В прежней книге было несколько фотографий, запечатлевших Вас среди дорогих Вам представителей рабочего класса, как советского, так и американского, причем снимков с нашими рабочими Вы поместили в три раза больше. Что же мы видим теперь? Американские рабочие как были, так и остались, а советских — словно ветром сдуло! Вылетели из круга Ваших интересов и симпатий строители Колымской ГЭС, магнитогорские металлурги, портовики Лены… Действительно, что делать этим "русским коалам" в таком прогрессивном сочинении?

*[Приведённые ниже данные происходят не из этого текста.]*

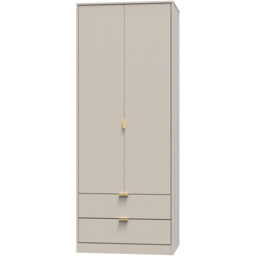 Crowndale Linear 2 Door 2 Drawer Kashmir Matt Wardrobe - Size: 2 Door, 2 Drawer - Cream - Wilko - thumbnail 3
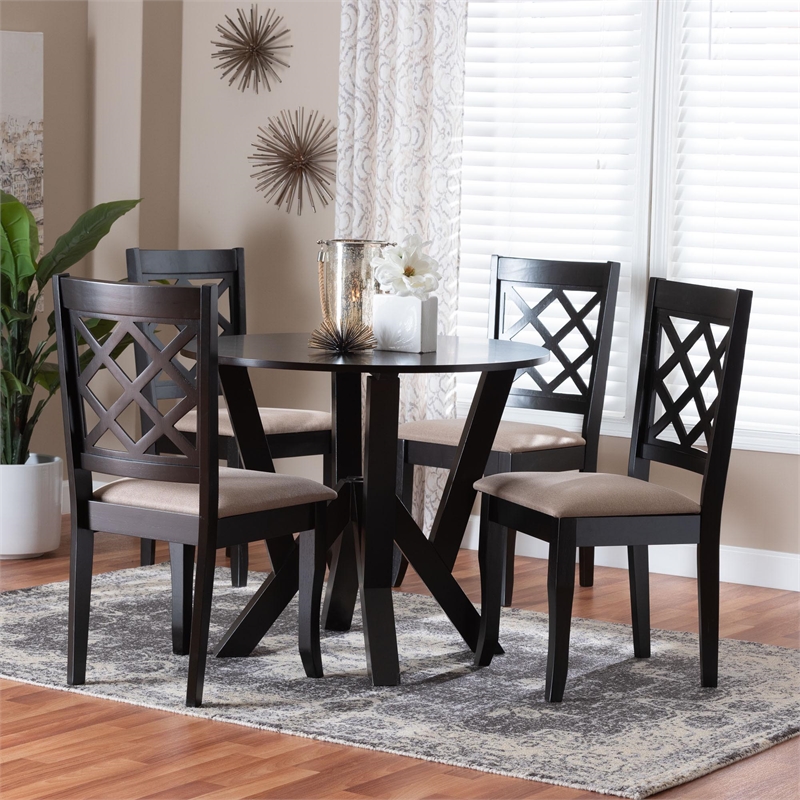 Baxton Studio Adina Modern Sand Fabric and Dark Brown Wood 5-Piece Dining Set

Да, книга "Политика — привилегия всех" явилась подлинным вторжением в мою жизнь, от которого до сих пор не могу прийти в себя. А тут еще вскоре в "Литературной газете", визжа и приплясывая, выскочила Ваша статья "Фехтование с навозной кучей". И все мои прекрасные планы тотчас опять полетели в тартарары. Нельзя же столь грандиозную кучу (в двух номерах, на трех полосах, с двумя портретами!) обойти молча.
Прежде всего замечу, меня несколько удивляет Ваша чрезмерная приверженность навозной теме или, как выражаетесь Вы, "субстанции слишком пахучей". Конечно, тут были примеры для подражания. Маяковский писал: "Я ассенизатор и водовоз…" Но обратите внимание: и водовоз. То есть, выполнив работу "золотарика", он мог умыться свежей ключевой водой и с чистыми руками сесть за письменный стол. А всегда ли Вы моете руки?
Вы начинаете свое "Фехтование" или, лучше сказать, свою "Кучу" со слов о том, что в августе 1968 года были в Доме творчества "Коктебель". Известно, что жизнь ужас до чего горазда на невероятные совпадения. Вы и сами немало приводите их здесь. Например: "Случилось забавное совпадение: именно в тот день, когда мы трудились на Красной площади (снимали фильм "Детский сад". —
Так вот, после таких Ваших собственных удивительных примеров Вы, смею надеяться, легко поверите и моим, по сравнению с Вашими совсем простеньким. Итак, Вы были в Коктебеле в августе 1968 года, а я приехал туда же в сентябре. Получил у кастелянши ключ и пошел в предоставленную мне комнату. Там еще шла уборка. Уборщица Маша, всегда любезная и обходительная, на сей раз была сердита и без конца чертыхалась. В чем дело? Оказывается, в комнате стоял такой дух, в нос шибало такое амбре, словно тут жил не писатель, а гоголевский персонаж Петрушка, лакей Чичикова. Помните? Он имел обыкновение спать не раздеваясь и всегда носил с собой "какой-то свой особенный воздух, своего собственного запаха".
Но мысль о Петрушке, разумеется, была всего лишь литературной реминисценцией, причем довольно натянутой. Действительно, как он, не будучи членом Союза писателей, работником ЦК партии или завсекцией ГУМа, мог бы оказаться в писательском Доме творчества?
Зрела в уме версия, кажется, наиболее правдоподобная: потому царит в этой комнате дух, родственный духу гоголевского Петрушки, что жилец ее все 24 дня путевочного срока неутомимо фехтовал с навозной кучей, но после этого в душ не ходил, а сразу — к пишущей машинке. Такая приверженность, такой образ жизни любого писателя, право же, достойны великого изумления.